Unabated gas burn in power generation is incompatible with net zero without huge amounts of carbon offsets and negative emissions technologies, so clean energy generation will have to rise, yet greater electrification in the heating sector and in transport as part of the country’s sectoral decarbonisation efforts also implies increased pressure on the electricity system.
The government has set ambitious renewable energy targets, notably 40 GW of offshore wind by 2030, and has reversed a previous moratorium on support for new onshore wind development. According to research by consultants Aurora Energy Research, the offshore wind target would require capital investment of nearly £50bn and the commissioning of 30 GW of new capacity in the 2020s.
The government also has a commitment to building new nuclear power stations, but this process is proving slow and uncertain, owing to the huge upfront capital cost of new nuclear plant. On current new build plans, the overall size of the UK’s aging nuclear fleet will continue to decline rather than grow.

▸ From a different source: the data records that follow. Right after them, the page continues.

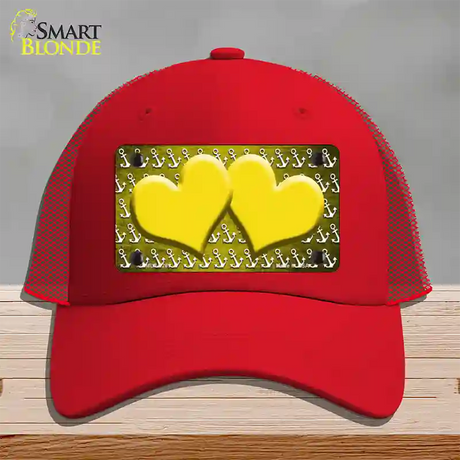 Yellow White Anchor Hearts Oil Rubbed Novelty License Plate Hat Mesh / Red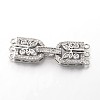Brass Micro Pave Cubic Zirconia Fold Over Clasps ZIRC-I014-68P-FF-1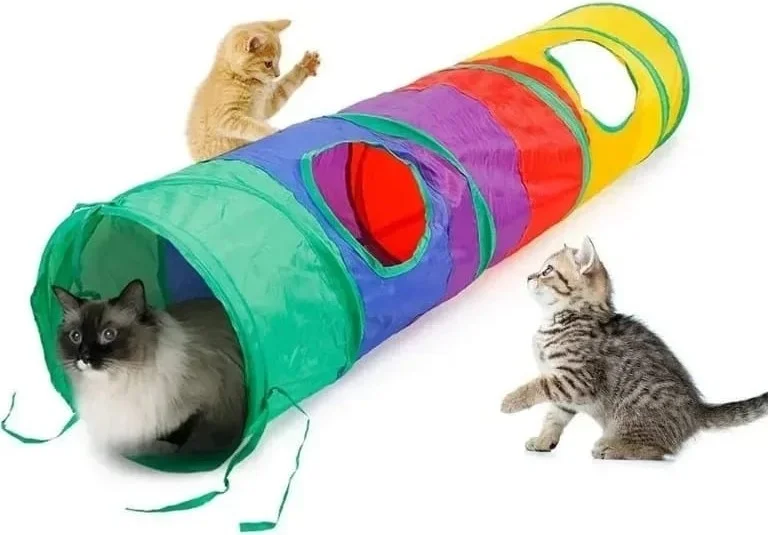 Tineke Flat Cat Dog Play Tunnel Cat Tunnel Folding Rainbow Long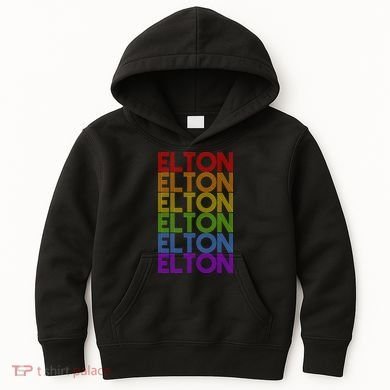 Elton Wordmark Pattern Retro Style Kids Hoodie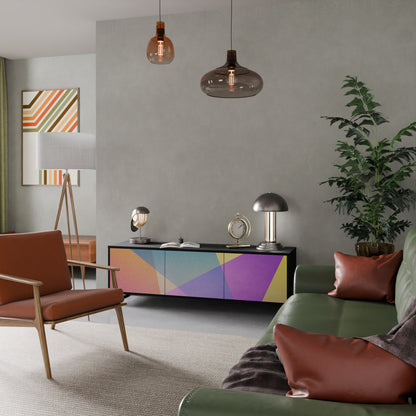 LJUS GEOMETRY 3-dörrars TV-bänk i svart finish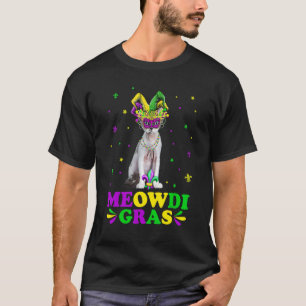 Süßer Meowdi Gras Devon Rex Katzen Karneval Maske T-Shirt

At present, there is a significant policy gap between the UK’s decarbonisation targets and current policies in place, particularly with regard to heating, which is gas-fired in about 80% of UK homes. The government will need to formulate policies on carbon capture and storage (CCS) and hydrogen use to address these issues.
The UK is well placed with regard to both in terms of its on and offshore wind resource and the availability of CO2 storage sites in depleted gas fields in the North Sea.
CCS critical to LNG demand
Most hydrogen strategies – those adopted by the Netherlands, Germany and the EU this year, as well as studies conducted in the UK, such as Aurora Energy’s Hydrogen for a net zero GB: an integrated energy market perspective – suggest at least an interim period in which bulk hydrogen production comes from natural gas with CCS, while both renewable energy and electrolyser capacity are built up to the requisite scale.
In July, the UK’s transmission system operator National Grid ESO published its 2020 Future Energy Scenarios, which outlined various possible paths to net zero by 2050. In its most rapid energy transition scenario, ‘Leading the Way’, UK gas imports fall to 33.1bn m3 in 2030 to zero in 2050. In contrast, under the other scenarios, UK gas imports would rise to 51.6bn m3 in 2030 and under its System Transformation pathway to 67.7 bn m3 in 2050.
Gas’s future role in a net zero carbon energy system hinges on CCS – either as feedstock for the production of ‘blue’ hydrogen, or for abated electricity generation. Almost all this gas will be imported, owing to the decline in domestic gas production. In the National Grid ESO scenarios, renewable gas makes little contribution to grid gas supply as it is needed, again in combination with CCS, to deliver negative emissions and will be used for power generation at the point of production.